TASK PROMPT
A line below contains "Black leather ankle", and a later one contains "wet, drenched, professional, high-quality". Repeat both, with every line between them, exactly.

INPUT
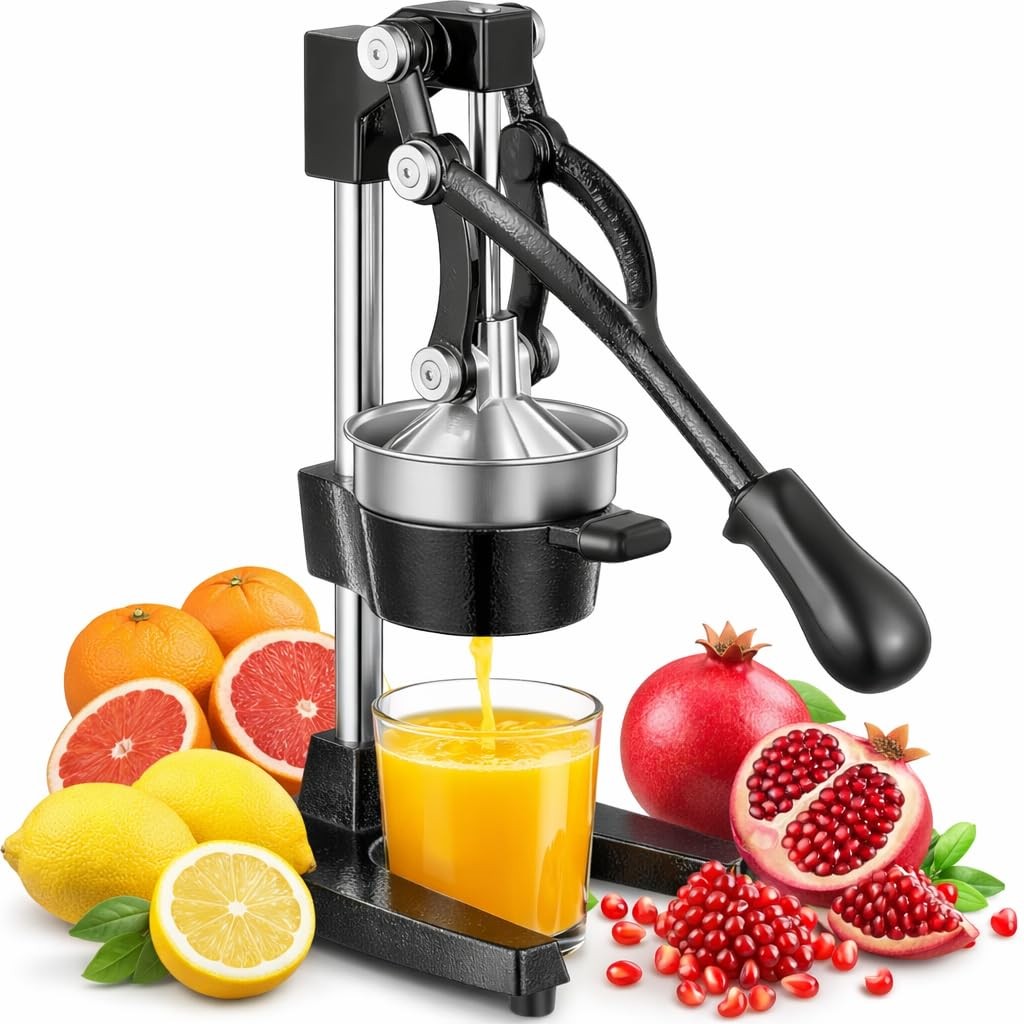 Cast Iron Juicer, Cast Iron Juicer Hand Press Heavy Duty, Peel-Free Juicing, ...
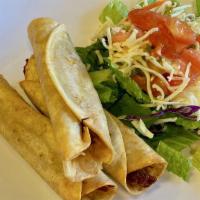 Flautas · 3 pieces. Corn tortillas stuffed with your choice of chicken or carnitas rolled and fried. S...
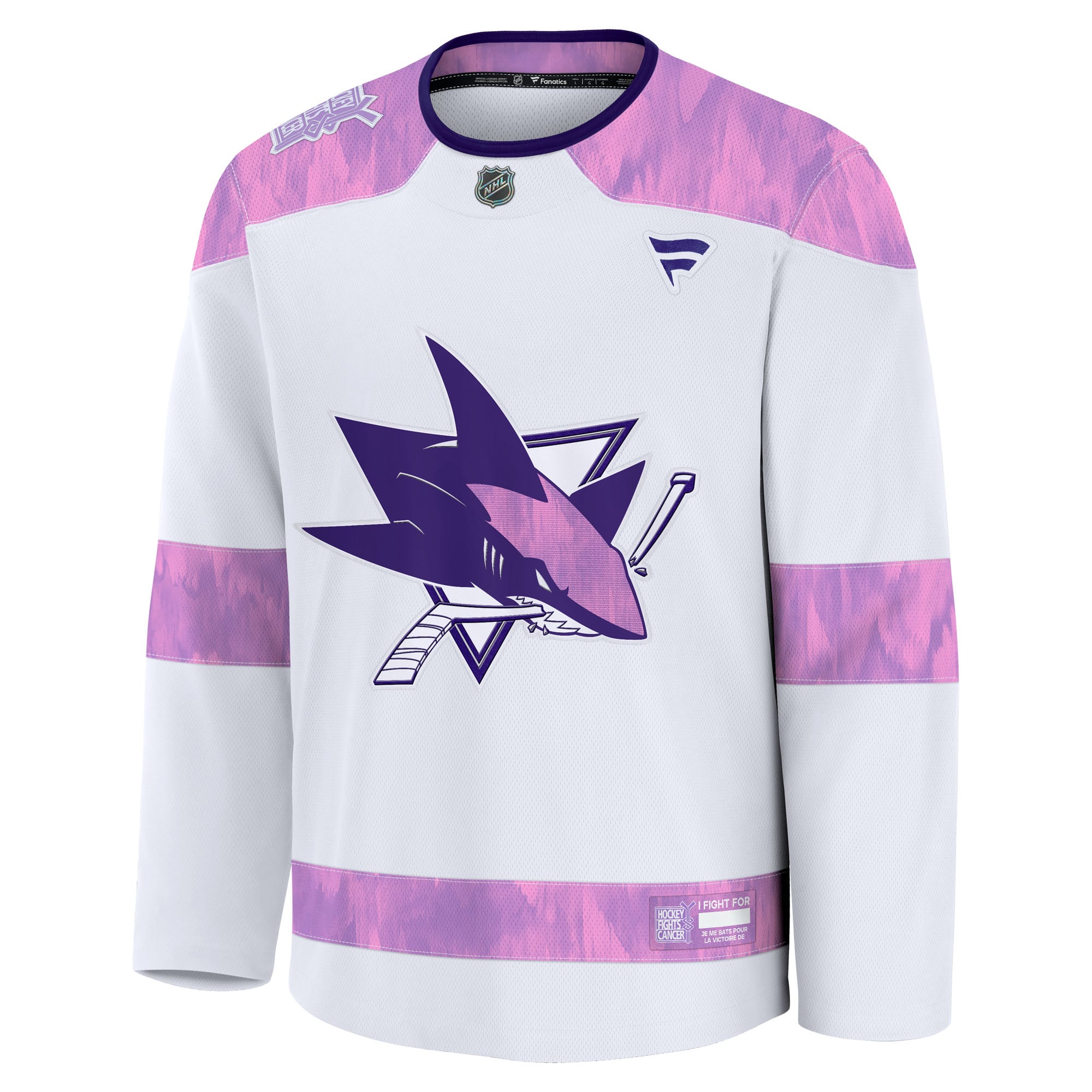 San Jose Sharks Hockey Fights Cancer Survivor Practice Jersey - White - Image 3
* * *
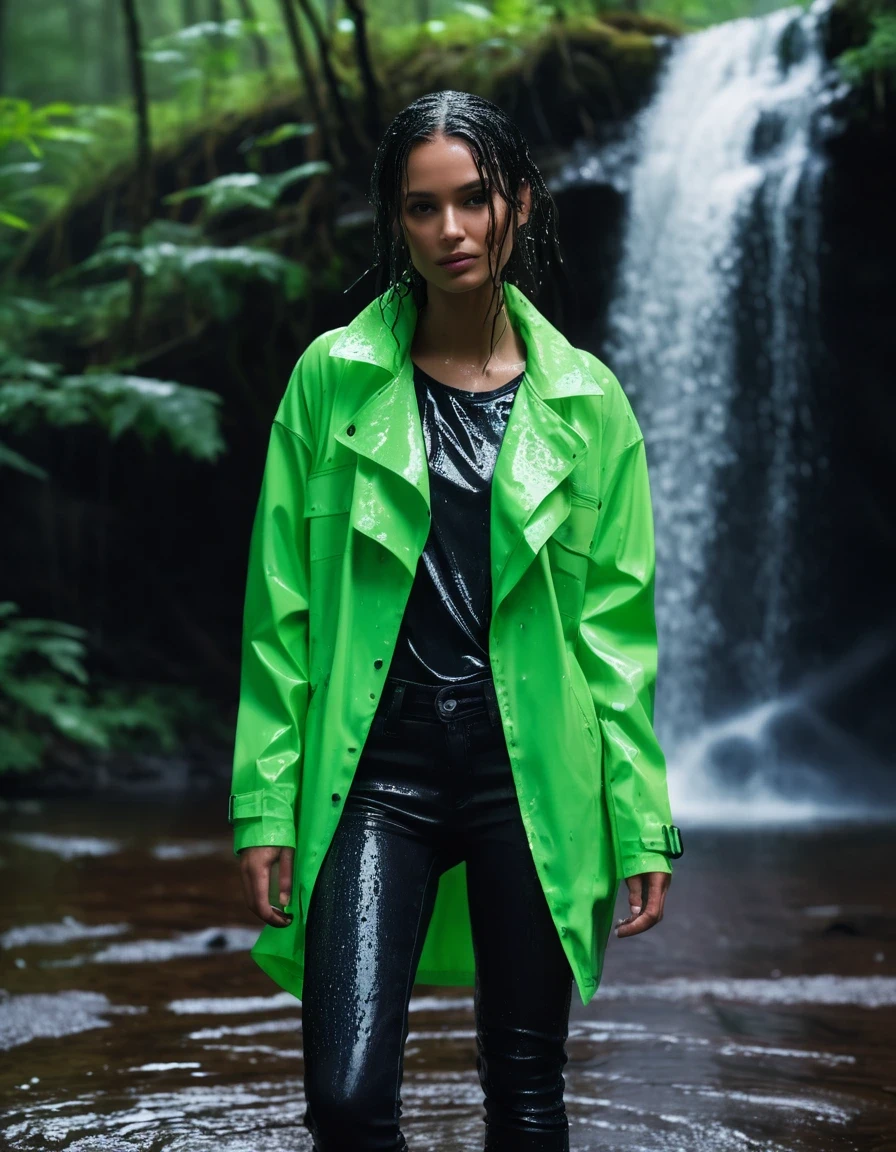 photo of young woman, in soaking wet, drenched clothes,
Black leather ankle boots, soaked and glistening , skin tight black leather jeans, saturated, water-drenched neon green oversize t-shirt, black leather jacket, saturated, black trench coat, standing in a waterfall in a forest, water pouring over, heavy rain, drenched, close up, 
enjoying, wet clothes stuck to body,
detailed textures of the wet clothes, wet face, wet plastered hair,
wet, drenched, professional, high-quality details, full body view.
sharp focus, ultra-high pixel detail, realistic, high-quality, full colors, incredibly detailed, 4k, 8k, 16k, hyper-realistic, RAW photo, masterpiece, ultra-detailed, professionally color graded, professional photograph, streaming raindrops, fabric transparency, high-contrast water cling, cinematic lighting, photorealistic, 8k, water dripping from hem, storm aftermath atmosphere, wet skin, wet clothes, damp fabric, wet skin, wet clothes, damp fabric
---
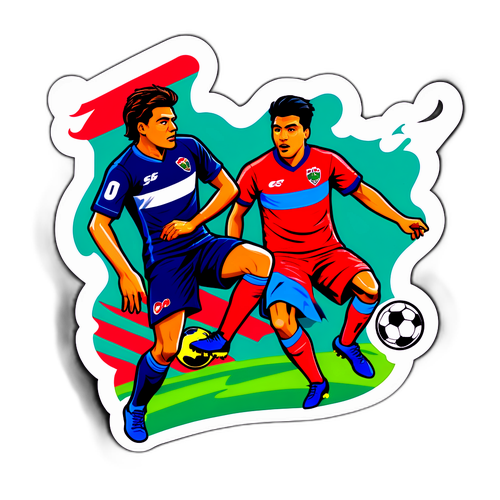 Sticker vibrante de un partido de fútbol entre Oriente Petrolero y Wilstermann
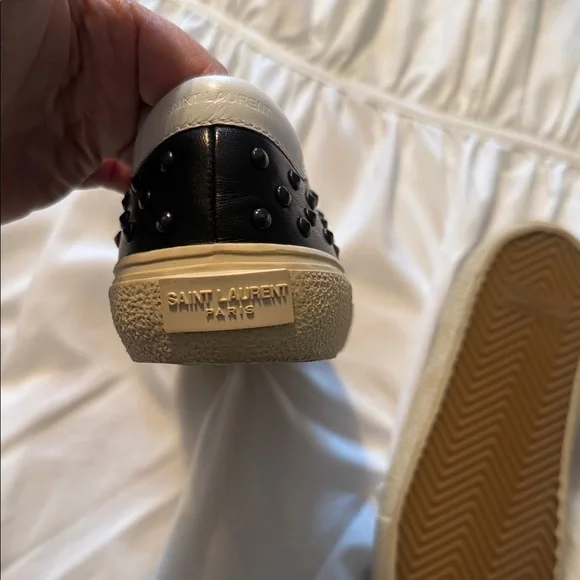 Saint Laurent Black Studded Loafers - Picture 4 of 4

WRITTEN ANSWER
Black leather ankle boots, soaked and glistening , skin tight black leather jeans, saturated, water-drenched neon green oversize t-shirt, black leather jacket, saturated, black trench coat, standing in a waterfall in a forest, water pouring over, heavy rain, drenched, close up, 
enjoying, wet clothes stuck to body,
detailed textures of the wet clothes, wet face, wet plastered hair,
wet, drenched, professional, high-quality details, full body view.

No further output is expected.